# Task
In the listing below, the answer starts at the line that has "Villa i Le Rouret, Alpes-Maritimes, Le" and stops after the line that has "Nicolas Villa Canggu"; please repeat that part exactly and nothing more.
----------------
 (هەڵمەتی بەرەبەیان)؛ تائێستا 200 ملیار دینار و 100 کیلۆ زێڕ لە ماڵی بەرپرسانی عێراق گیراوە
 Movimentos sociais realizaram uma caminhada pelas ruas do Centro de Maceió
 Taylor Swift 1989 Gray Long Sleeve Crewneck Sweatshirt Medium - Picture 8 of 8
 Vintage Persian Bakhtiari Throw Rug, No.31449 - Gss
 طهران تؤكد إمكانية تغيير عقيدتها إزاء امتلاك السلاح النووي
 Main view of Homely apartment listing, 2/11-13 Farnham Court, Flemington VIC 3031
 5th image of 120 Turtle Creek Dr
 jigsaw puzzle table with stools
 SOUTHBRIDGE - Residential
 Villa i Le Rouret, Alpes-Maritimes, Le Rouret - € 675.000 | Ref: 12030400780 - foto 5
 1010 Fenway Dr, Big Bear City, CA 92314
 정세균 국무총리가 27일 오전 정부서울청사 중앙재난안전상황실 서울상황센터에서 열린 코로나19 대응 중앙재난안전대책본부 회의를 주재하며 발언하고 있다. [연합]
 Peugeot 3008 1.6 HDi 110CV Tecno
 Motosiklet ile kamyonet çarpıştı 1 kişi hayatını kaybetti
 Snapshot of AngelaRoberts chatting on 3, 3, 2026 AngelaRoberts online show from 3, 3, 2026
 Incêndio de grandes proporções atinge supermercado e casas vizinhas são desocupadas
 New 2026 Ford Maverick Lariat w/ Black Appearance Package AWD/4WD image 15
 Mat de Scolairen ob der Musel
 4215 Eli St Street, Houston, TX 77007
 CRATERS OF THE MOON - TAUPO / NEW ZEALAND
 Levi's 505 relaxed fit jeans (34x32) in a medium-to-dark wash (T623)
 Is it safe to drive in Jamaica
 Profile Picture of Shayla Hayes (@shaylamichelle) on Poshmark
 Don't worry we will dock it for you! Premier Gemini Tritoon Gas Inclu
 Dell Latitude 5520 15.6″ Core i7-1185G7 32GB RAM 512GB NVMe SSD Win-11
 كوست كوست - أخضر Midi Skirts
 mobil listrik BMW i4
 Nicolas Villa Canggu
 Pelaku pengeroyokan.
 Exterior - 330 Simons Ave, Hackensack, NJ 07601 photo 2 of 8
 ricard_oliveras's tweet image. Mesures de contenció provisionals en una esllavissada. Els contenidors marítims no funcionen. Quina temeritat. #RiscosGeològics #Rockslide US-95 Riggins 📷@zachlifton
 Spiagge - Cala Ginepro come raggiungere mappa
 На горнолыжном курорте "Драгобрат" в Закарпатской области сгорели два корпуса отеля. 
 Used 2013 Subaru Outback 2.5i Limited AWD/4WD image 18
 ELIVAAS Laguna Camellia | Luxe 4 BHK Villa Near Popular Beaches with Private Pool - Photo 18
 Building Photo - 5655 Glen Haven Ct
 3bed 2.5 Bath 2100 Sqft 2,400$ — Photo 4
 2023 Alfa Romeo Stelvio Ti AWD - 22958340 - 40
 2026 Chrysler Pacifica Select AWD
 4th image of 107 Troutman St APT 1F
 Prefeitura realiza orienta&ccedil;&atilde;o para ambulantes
----------------
# Reply
 Villa i Le Rouret, Alpes-Maritimes, Le Rouret - € 675.000 | Ref: 12030400780 - foto 5
 1010 Fenway Dr, Big Bear City, CA 92314
 정세균 국무총리가 27일 오전 정부서울청사 중앙재난안전상황실 서울상황센터에서 열린 코로나19 대응 중앙재난안전대책본부 회의를 주재하며 발언하고 있다. [연합]
 Peugeot 3008 1.6 HDi 110CV Tecno
 Motosiklet ile kamyonet çarpıştı 1 kişi hayatını kaybetti
 Snapshot of AngelaRoberts chatting on 3, 3, 2026 AngelaRoberts online show from 3, 3, 2026
 Incêndio de grandes proporções atinge supermercado e casas vizinhas são desocupadas
 New 2026 Ford Maverick Lariat w/ Black Appearance Package AWD/4WD image 15
 Mat de Scolairen ob der Musel
 4215 Eli St Street, Houston, TX 77007
 CRATERS OF THE MOON - TAUPO / NEW ZEALAND
 Levi's 505 relaxed fit jeans (34x32) in a medium-to-dark wash (T623)
 Is it safe to drive in Jamaica
 Profile Picture of Shayla Hayes (@shaylamichelle) on Poshmark
 Don't worry we will dock it for you! Premier Gemini Tritoon Gas Inclu
 Dell Latitude 5520 15.6″ Core i7-1185G7 32GB RAM 512GB NVMe SSD Win-11
 كوست كوست - أخضر Midi Skirts
 mobil listrik BMW i4
 Nicolas Villa Canggu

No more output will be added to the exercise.